What I mean is that if you are confident you can figure it out, and that part matters, be clever about it. Telling an outright lie, saying that you have skills you actually don’t, is not the game in my humble opinion. Presenting your confidence to the world, without dishonesty but with integrity and honesty is better.

This is from personal experience. In advertising courses in college, which was my minor, we learned to do things from the basic levels of design, not by using computers to help us. They weren’t around yet. We were designers, artists, sculptures and just learning all of the available tools and ways to get a job done. At that time, computers were not the way. And in general you are taught if you don’t know something, go figure it out. Simple.
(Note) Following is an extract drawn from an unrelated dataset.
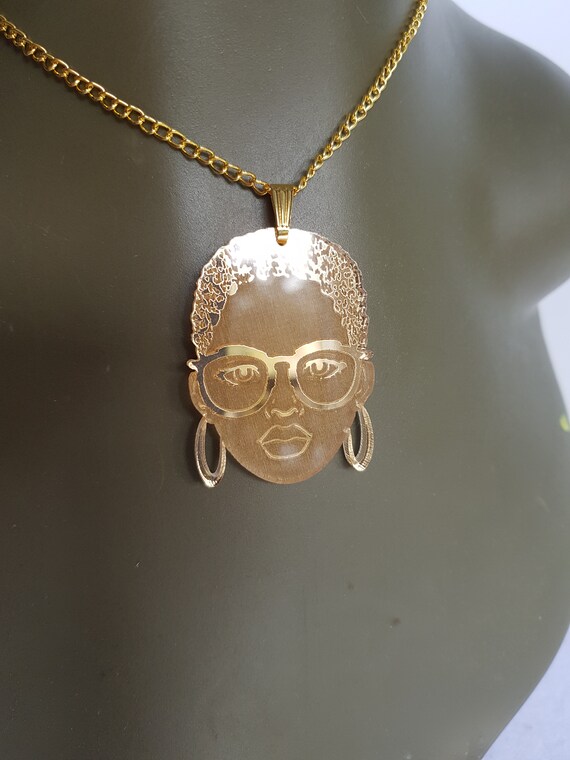 Afrocentric Necklace: Gold Mirror Acrylic Black Woman Pendant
Then out in the “real world” as I began looking for work, and computers were beginning to surface with Quark Xpress, Pagemaker, Freehand, Photoshop and others, if I wanted to get a logo or brochure done, I went to Kinko’s, rented their computers with the new software on it, figured out how to use it and did my design projects that way. My boss didn’t know how it got done, exactly, but it did get done and that was what mattered.

Eventually in the 90s in Pittsburgh while freelancing and working at Mac temp agencies when that was a thing, and when new software came out, a few times I didn’t know how to use it, but neither did the others there. When they asked if I knew how to work in some kind of new software, I didn’t say “yes” when I really didn’t, I said “I’ll figure it out.”

Not even “no.” Just that I’ll figure it out. You do need to have actual skills and get things done. Even if it’s on your own. Customers also just want to know things will get done, confidently.

Watch others who know. Learn from your own mistakes, don’t cover them up, just FIX THEM. Treat everyone with respect.

People can get caught up in the blame game, and on the surface it might seem to work. Mistakes get made, we’re human. Not having an answer, also human. Being honest about both, makes a better human. In my humble opinion.

This along with a few other minor tidbits, like the ability to listen, and hear people rather than project our own insecurities onto the process, open up our minds to learn, and use time properly and to organize all of this; becomes the straightest line to successfully finishing things, making the deadlines and accomplishing goals.